▸ **Task description**
After locating the line with "Cat Hug & Coffee" in the entries below, output it and each following line up to and including the line with "Arbeitshocker Höhenverstellbar mit", exactly and without pictures.

▸ **Given data**

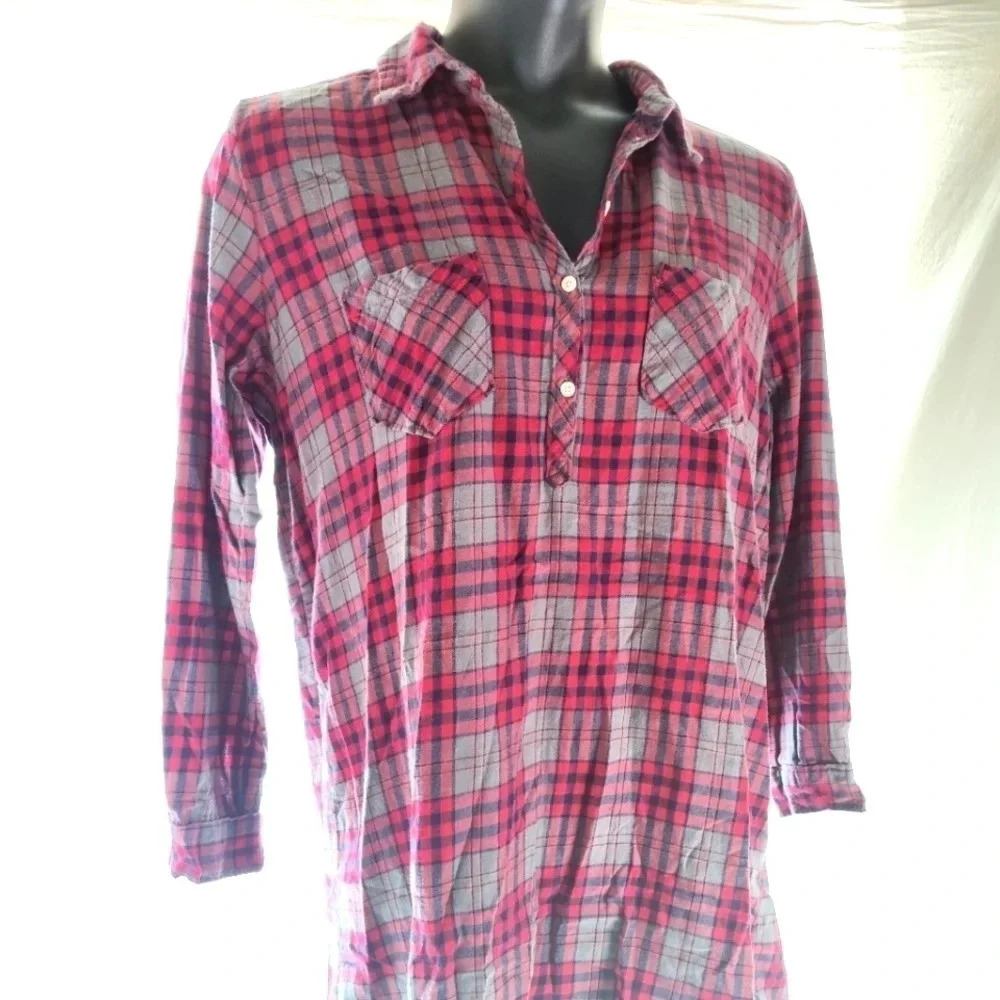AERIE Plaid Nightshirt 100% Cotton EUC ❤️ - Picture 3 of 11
---
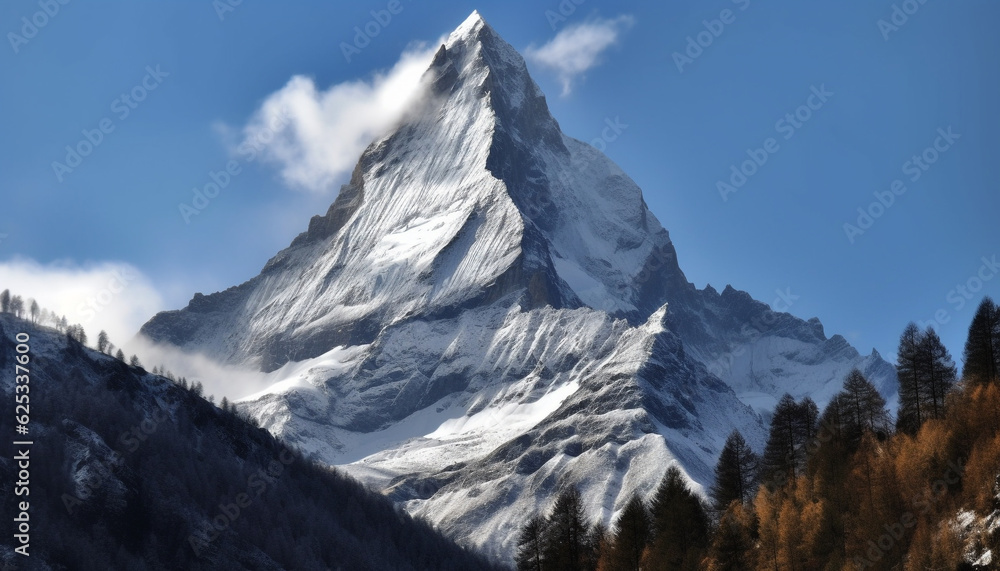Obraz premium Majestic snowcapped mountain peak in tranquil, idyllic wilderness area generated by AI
==
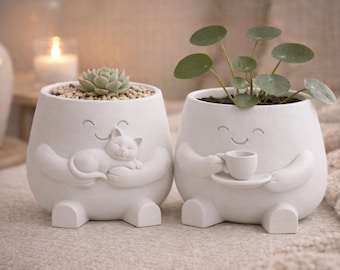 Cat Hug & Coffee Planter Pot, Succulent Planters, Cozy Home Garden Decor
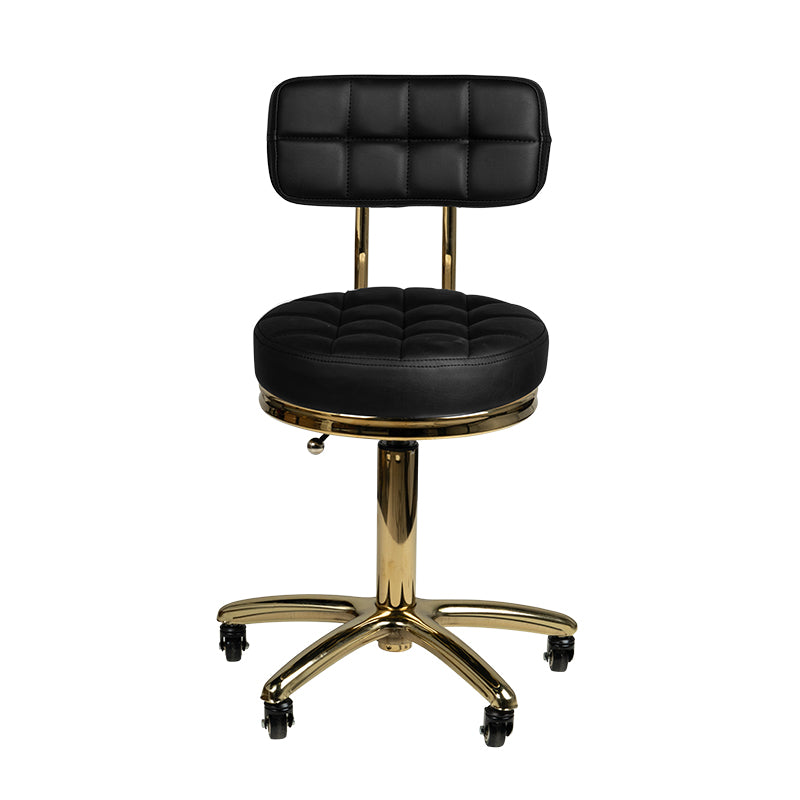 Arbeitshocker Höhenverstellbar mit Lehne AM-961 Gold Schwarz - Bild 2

▸ **Written response**
 Cat Hug & Coffee Planter Pot, Succulent Planters, Cozy Home Garden Decor
 Arbeitshocker Höhenverstellbar mit Lehne AM-961 Gold Schwarz - Bild 2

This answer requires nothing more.